En realidad toda la isla, salvo la zona de la Punta de San Lorenzo, era una inmensa selva semitropical en la que destacaban especialmente las llamadas "aves del paraiso", verdadera seña de identidad de Madeira que nos trajimos en bulbos con la esperanza de hacerlas florecer en Galicia.
En ocasiones los agapantos están reforzados por legiones de hortensias, dos plantas que sin duda son del gusto de los maderienses. Aunque no vimos que las guías lo reflejen, este detalle de la flora tiene su equivalencia en la fauna: vayas por donde vayas las lagartijas son onmipresentes y produce una sensación extraña.
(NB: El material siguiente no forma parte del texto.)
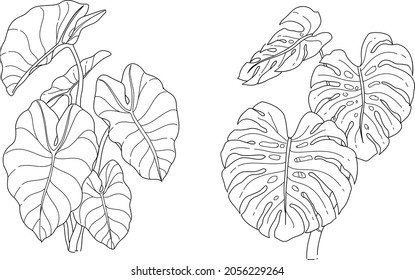 Hand drawn vector illustration Elephant Ear Plant   Swiss Cheese Plant in Black   white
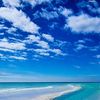 🏝️ 💜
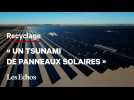 Une entreprise veut recycler « un tsunami de panneaux solaires » pour leur donner une seconde vie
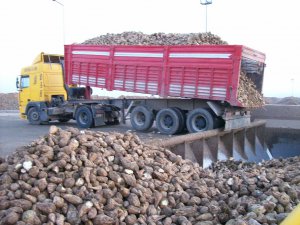 Pancar nakliyesi 'gözde taşımacılık' oldu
Es lo que nos ocurrió, por ejemplo, en Cabo Girao.
Mientras contemplábamos el espectáculo del segundo mayor acantilado de Europa, con 580 metros de altura (el primero está las islas Feroe) no pudimos evitar distraernos ante el espectáculo de docenas y docenas de lagartijas dando vueltas por el exterior del mirador.
Las había de todo tipo de tamaños y hasta localizamos una con la cola bífida, pero ignoramos si se debía a una mutación genética o a cualquier otra causa. Nos inclinamos por lo primero, pero el animal escapó antes de que lo imortalizáramos en una fotografía. Por lo que respecta al mirador de Girao, un cartel anuncia que se va a construir otro más moderno que sobresale de las rocas que será transparente, al estilo del existente en el Gran Cañón del Colorado. Esta es una vista desde arriba, que coge la perspectiva de las terrazas cultivadas en una zona de difícil acceso.
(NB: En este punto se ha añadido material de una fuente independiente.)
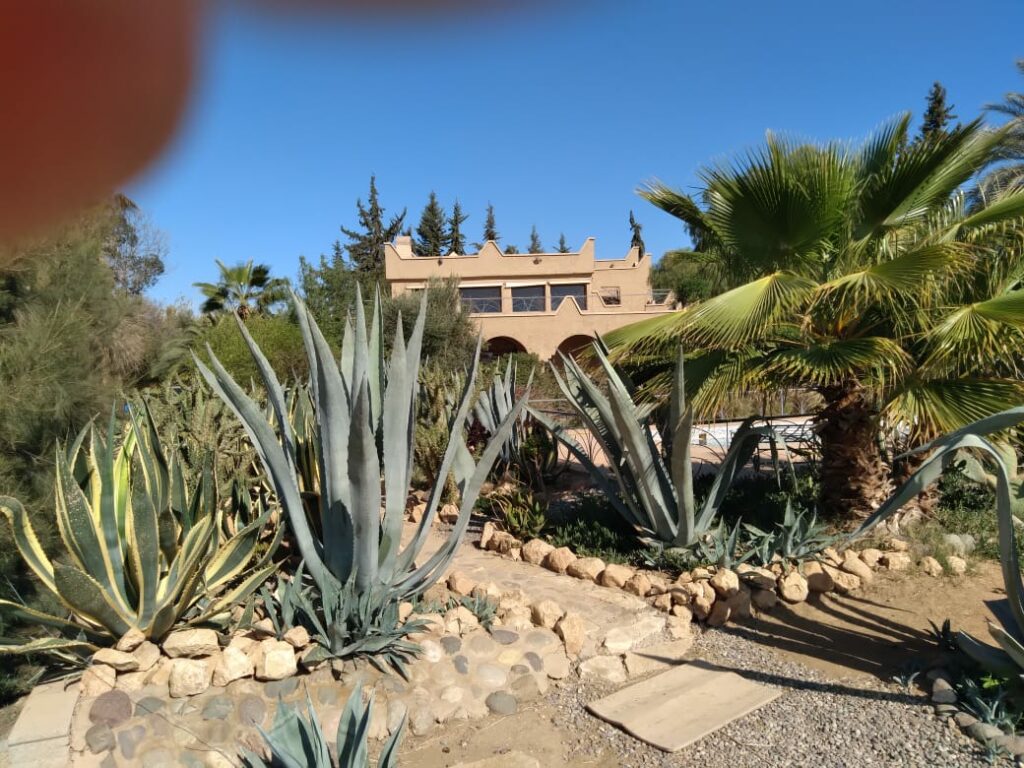 Riad de Rêve avec piscine — photo 5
Lo que no nos quedó muy claro tras estos ocho días de dar vueltas por la isla es el funcionamiento de su economía. La isla vive del turismo, de la pesca y de la agricultura, fundamentalmente (vino, frutas de todo tipo, maíz), pero para una población tan importante, a la que hay que sumar los miles de turistas no vimos un puerto pesquero en condiciones ni tampoco uno comercial de cierto tamaño, excepción hecha del existente cerca de Caniçal en el que vimos algunos atuneros, como el de la foto, varias gruas y algunos depósitos de combustible.
Suponemos que la vida de unas 300.000 personas en una isla donde se produce tan poco y con escasa industria exige la llegada de numerosas mercancías…
En cualquier caso, aunque nos preguntamos dónde arribaban los pesqueros que nos hicieron probar nuevas y estupendas especies, los mercados y las tiendas estaban perfectamente abastecidos y no faltaba de nada, como en el tradicional Mercado de los Labradores en Funchal, en la foto: un sitio realmente estupendo.